Sowa: all is good
So great to hear from the group in Tanzania. Mrs Shifrin sent the note and pictures below. Enjoy.
Sowa: all is good
Jambo! Habari ya subhi? Poa. Hello! How are you? We are good. We returned from safari in the Serengeti last evening. All the big 5—the black rhino, including a baby, lions, leopards, elephant and cape buffalo—were spotted. Journeys of giraffes, prides of lions, herds of gazelles, zebras, and flocks of birds were in abundance. Because of global climate change, the Serengeti animals are migrating differently. Although the lack of rain , which is being called a drought by Tanzanians, was good for safari, it is not good for the Serengeti ecosystem or the many farmers who depend of the rain for crops to feed families.
Our safari guides and Tumaini hosts help us to understand water in an entirely new way. As soon as we ask questions, stories come forth, hopes become clear, anxieties are shared, and ideas are bounced back and forth. The challenge for both the Gould and the TJS students is to just start asking. Cultural exchanges challenge us to ask about what is unfamiliar—to push ourselves to find a question when the picture is not quite clear. Peter Southam taught a field note 101 class while on safari before we traveled to the hippo pool.

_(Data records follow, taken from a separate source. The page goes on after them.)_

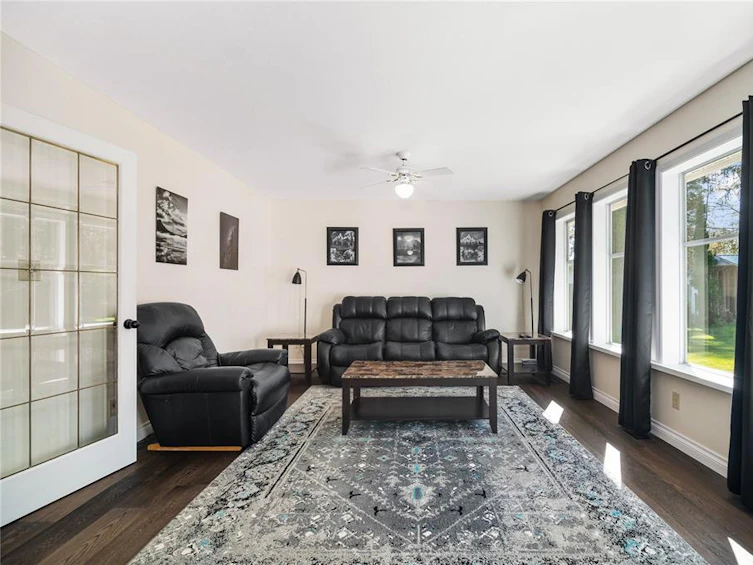 2413 Catherwood Road, Black Creek, BC, V9J 1J3 - 5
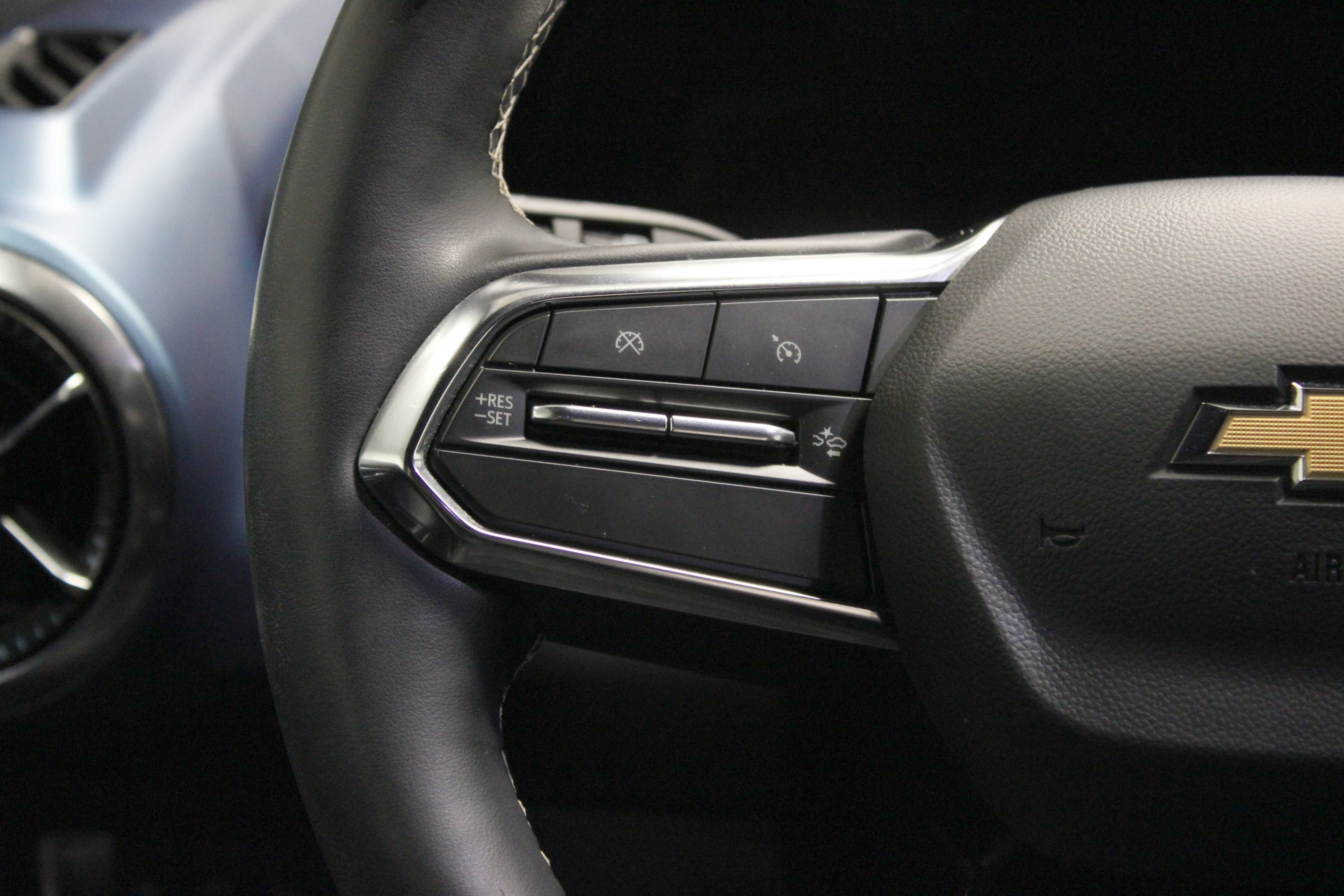 Used 2024 Chevrolet Equinox EV LT FWD image 22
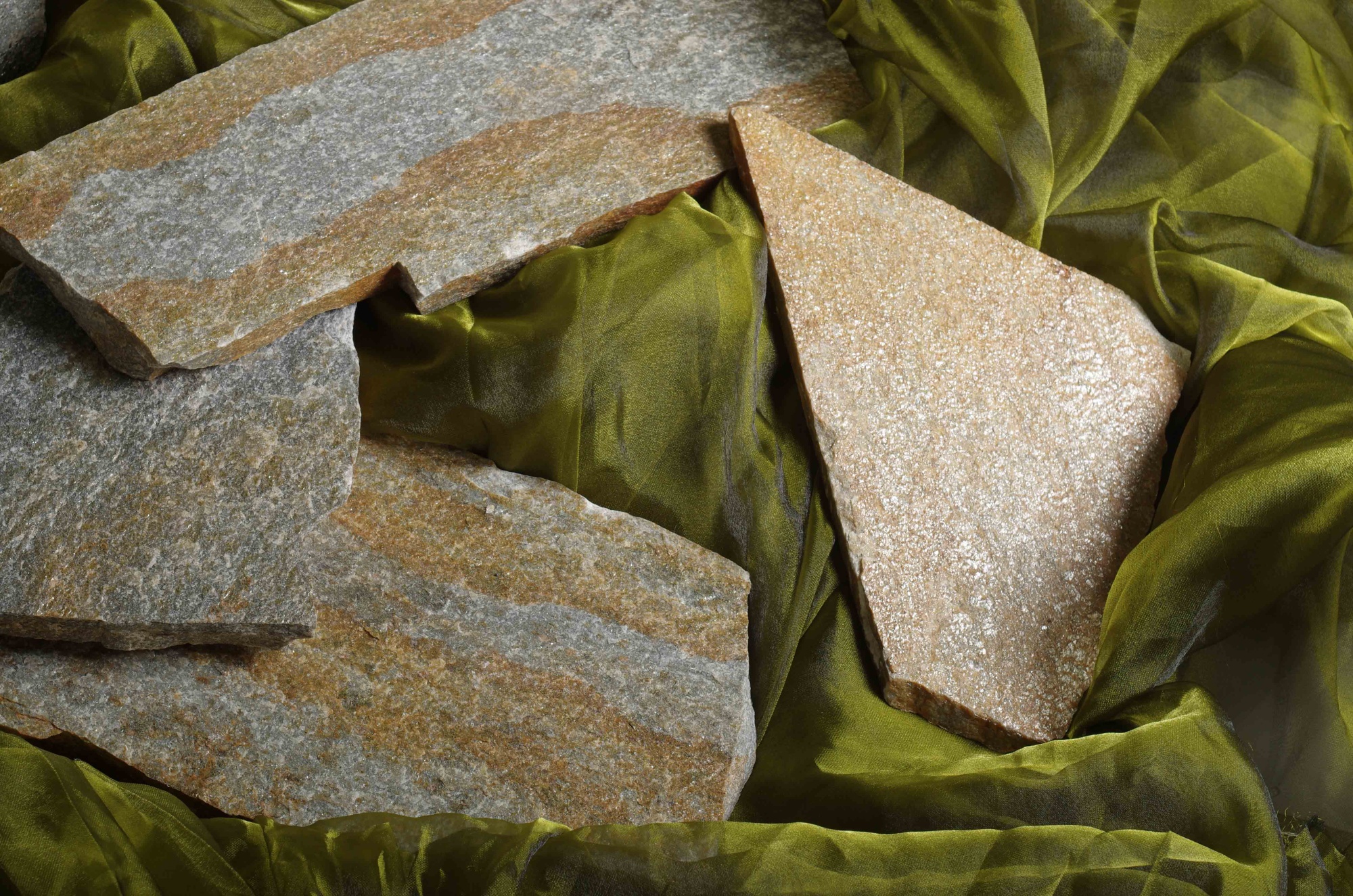 Плитняк златолит Уральский  для фасада купить в Долгопрудном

The structure of field notes helped the students to organize what was in front of them and then start forming questions, and evening designing an experiment.
Today we will work at the school. The students will help to facilitate an empathy mapping activity to better understand the hopes for the secondary school which opens in January 2016.
All students are safe, learning a good deal, and learning how to meet the world with curiosity.